Подобно зачину прошлой книги («фифиа» на суахили означает «исчезать», «улетучиваться») оно толкует об уходе, исчезновении как естественном порядке вещей, но мотив поскальзывания придает этому нежелательную стремительность: ничего не остается, кроме как стремиться вниз по ледяной поверхности – вместе со временем, которое раньше хотелось задержать: «одна минута / и ты летишь и за тобой судьба». Смирение, принятие смертности – лейтмотив книги, и тем ценнее кажется еще отпущенное время: «ибо Дарующий долголетье / большего ждет и от нас отдарка. / А за гражданской гоняться медью – / годы последние тратить жалко»; или: «а что мир пребывает во зле, / мне на это уже наплевать» – сравним это с известными строками Сергея Гандлевского: «Взглянуть на ликованье зла / Без зла, не потому что добрый, / А потому что жизнь прошла». Разница поэтики Чухонцева и Гандлевского очевидна, так что сходство здесь объясняется – тривиальный вывод – действительной «вечностью» темы смерти, перед которой все равны (есть, впрочем, и путь активного неприятия-отрицания, как у Алексея Цветкова; здесь, конечно, присутствует и связь с мотивами веры и атеизма).

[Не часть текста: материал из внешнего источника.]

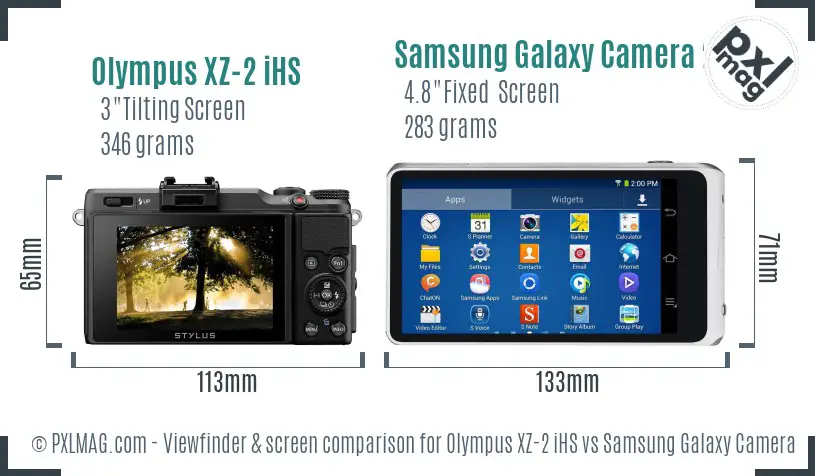 Olympus XZ-2 iHS vs Samsung Galaxy Camera 2 Screen and Viewfinder comparison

Примечательно, как Чухонцев находит дорогу для собственного, связанного только со своей судьбой высказывания, через «валежник да туман» тропов, которые непрошено откликаются чужими мотивами и словами. Перед нами тот этап творчества поэта, когда ему важнее всего высказать свои соображения «с последней прямотой», тонким штрихом отделив их от гула соображений чужих и никогда – потому что одно «я» никогда не равно другому «я» – своим не тождественных. Этот путь грозит отчаянием, но внезапно дарит новые траектории: так, совершенно неожиданными по письму выглядят и стихотворение о смерти Бен Ладена, и палиндромическая часть цикла «Юга». Оставаясь наедине с собой, в том числе в одиночку идя по дороге, человек часто начинает вести себя необычно: он проговаривает некие не испробованные ранее возможности, зная, что укрыт от посторонних глаз. Признаться в этом – смелость (ср. «Перешагни, перескочи…» Ходасевича). Этой смелостью запомнилась книга «Фифиа», и новая книга Чухонцева тоже ценна такими признаниями – как, впрочем, и личностной мнемоникой, всегда внимательной к неприкаянным и перерастающей из «белых» клаузул в рифмованные, что производит какой-то симфонический эффект (см. поэму «Общее фото»).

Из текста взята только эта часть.